Quel est donc ce type d’action dont il faudrait se désolidariser ? L’action péage gratuit, déjà pratiquée à Lyon pendant ce mouvement, entre-t-elle dans ce type ? A priori, oui : c’est totalement illégal, et ça coûte très cher aux services d’autoroute, bien plus qu’une action Leader Price ! (Si en quelques dizaines de minutes les étudiant.e.s rapportent 300 euros, ça en coûte au moins 1 000 aux gérants du bitume, vu que les usager.e.s donnent par exemple 2€ à notre caisse de solidarité, quand leur péage coûte 8€.) En fait, la seule différence est que l’action péage gratuit n’a pas (encore) été réprimée, alors que l’action supermarché gratuit l’a été immédiatement, et dans la précipitation généralisée. On peut imaginer qu’en fin de mouvement, si une nouvelle action péage gratuit était entreprise, le pouvoir pourrait se faire un point d’honneur à la mater, et par exemple à faire des arrestations. Faudra-t-il se désolidariser de « ce type d’action » ? A l’inverse, quand une action supermarché gratuit réussit (ce fut le cas pendant le mouvement du CPE), quand des client.e.s et des manifestant.e.s quittent le magasin dans la bonne humeur, les bras chargés de nourriture, trouve-t-on des donneurs de leçons pour crier qu’il faut se désolidariser de ce genre d’actions, quand tout le monde se dit « ouah c’était génial ! » ?
On voit bien que la prescription moralisante dépend de la réaction du pouvoir à ces actions, et il est dommage qu’au sein des résistances des voix se fassent entendre pour dire « c’est mal », au même moment où les garant.e.s de la domination ont décidé que cette fois, ça ne passerait pas. De grâce un peu de cohérence dans votre désolidarisation, tout comme nous restons solidaires, que l’action soit un succès ou non.

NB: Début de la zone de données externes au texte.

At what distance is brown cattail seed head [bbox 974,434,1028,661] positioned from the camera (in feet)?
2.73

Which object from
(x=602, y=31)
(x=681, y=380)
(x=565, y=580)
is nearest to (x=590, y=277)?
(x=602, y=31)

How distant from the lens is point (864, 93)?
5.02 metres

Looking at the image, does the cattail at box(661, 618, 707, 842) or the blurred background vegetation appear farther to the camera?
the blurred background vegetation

Il ne s’agissait pas ici d’attaquer violemment des personnes dont on peut comprendre, à défaut d’admettre, les doutes et les réflexes défensifs (« c’est pas nous, c’est eux ! »), mais bien de rappeler qu’au sein des dynamiques résistantes, nous ne pouvons nous payer de le luxe de nous diviser, de nous désolidariser. (Ce qui n'empêche pas, bien sûr, de réflechir sur le caractère naïf et peu organisé de cette action...) Résolument, quand des révolté.e.s brûlent des voitures (et aussi des écoles), nous sommes solidaires, quand des casseurs brisent des vitrines, nous sommes solidaires, quand des étudiants se lancent dans une action farfelue, nous sommes solidaires. Car de fait, aussi variés soient nos modes d’action ou expressions de révolte, nous sommes du même côté de la barricade.

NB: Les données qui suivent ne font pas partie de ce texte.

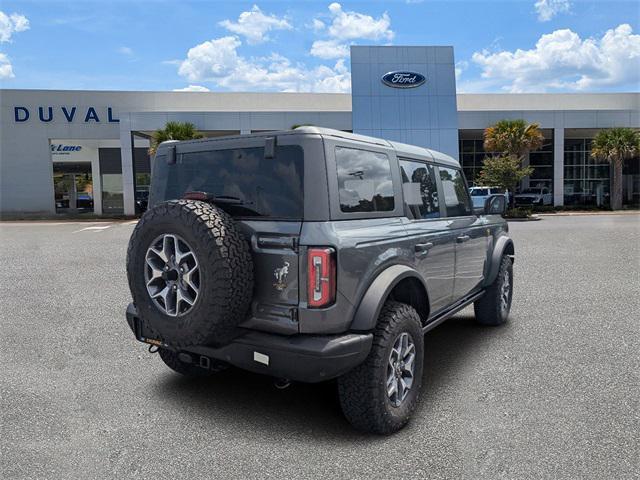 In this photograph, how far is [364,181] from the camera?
137 inches

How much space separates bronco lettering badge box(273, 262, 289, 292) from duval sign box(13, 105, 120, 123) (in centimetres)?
3489

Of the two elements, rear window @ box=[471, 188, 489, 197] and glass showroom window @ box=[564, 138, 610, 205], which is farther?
glass showroom window @ box=[564, 138, 610, 205]

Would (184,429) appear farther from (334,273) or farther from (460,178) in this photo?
(460,178)

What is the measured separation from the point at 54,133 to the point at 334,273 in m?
36.4

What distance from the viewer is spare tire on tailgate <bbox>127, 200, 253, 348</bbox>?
292 centimetres

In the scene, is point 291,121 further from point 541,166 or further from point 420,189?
point 420,189

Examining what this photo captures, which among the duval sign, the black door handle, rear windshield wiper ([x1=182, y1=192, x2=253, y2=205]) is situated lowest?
the black door handle

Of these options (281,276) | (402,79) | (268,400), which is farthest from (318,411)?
(402,79)

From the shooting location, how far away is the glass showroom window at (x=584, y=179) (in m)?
38.7

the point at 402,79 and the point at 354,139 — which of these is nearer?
the point at 354,139

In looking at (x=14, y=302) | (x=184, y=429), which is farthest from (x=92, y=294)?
(x=184, y=429)

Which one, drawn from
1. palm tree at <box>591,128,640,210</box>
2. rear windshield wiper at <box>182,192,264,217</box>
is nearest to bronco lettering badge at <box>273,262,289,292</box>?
rear windshield wiper at <box>182,192,264,217</box>

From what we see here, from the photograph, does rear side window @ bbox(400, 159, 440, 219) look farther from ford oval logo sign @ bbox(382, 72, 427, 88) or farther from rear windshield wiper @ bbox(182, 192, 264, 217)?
ford oval logo sign @ bbox(382, 72, 427, 88)

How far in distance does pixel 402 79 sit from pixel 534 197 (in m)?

Que nous ayons participé ou non à ce type d’action, qu’elle ait été pertinente ou non, évitons les fausses divisions et les condamnations grandiloquentes.
Car en face, ils resteront solidaires.
dans cette épreuve. En témoigne le communiqué voté en AG le jeudi 29 : http://rebellyon.info/article4666.html
Cette solidarité fut bien fragile. Il devient difficile de rester dans l'échange courtois quand on lit sur un tract des étudiants grévistes, diffusé à des centaines d'exemplaire sur le campus des Quais le 4/12 :
" L'opération "supermarché gratuit", organisée indépendamment du mouvement, ayant donné lieu au vol de quelques fruits et légumes au supermarché du coin, a servi de prétexte et de justification à la présidence de l'Université pour tenter d'écraser le mouvement de grève, s'efforçant de faire passer les "bloqueurs" pour des voyous et des criminels de droit commun. "

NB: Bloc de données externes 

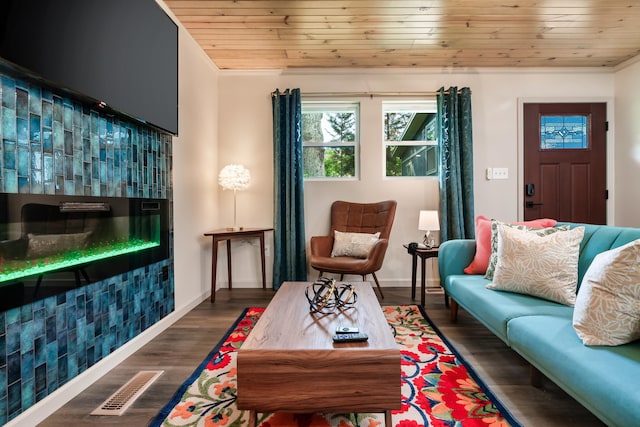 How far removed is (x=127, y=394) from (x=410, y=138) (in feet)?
11.3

On savait qu'il ne fallait pas trop attendre d'un mouvement étudiant, mais là, le dérapage est énorme, bien plus grave que l'action ratée. Il est dramatique que des bureaucrates (qui donnent des leçons de politique à tout le monde) écrivent ce genre d'horreurs. C'était vraiment trop dur pour vous de dénoncer, à juste titre, l'hypocrisie de la présidence, sans reprendre et répandre le venin idéologique...
Qui divise le mouvement social ?!
En deux mots, parce que vraiment, c'est décourageant de connerie :
- on appréciera le mensonge du "indépendamment du mouvement", soigneusement mis en italique dans le tract. Les gens qui ont mené cette action, se sont peut-être trompés, mais que vous le vouliez ou non, ce sont des grévistes, engagés contre la LRU, et qui ont pensé et mené cette action DANS le mouvement (tracts diffés dans le magasin, et annonce politique au mégaphone...).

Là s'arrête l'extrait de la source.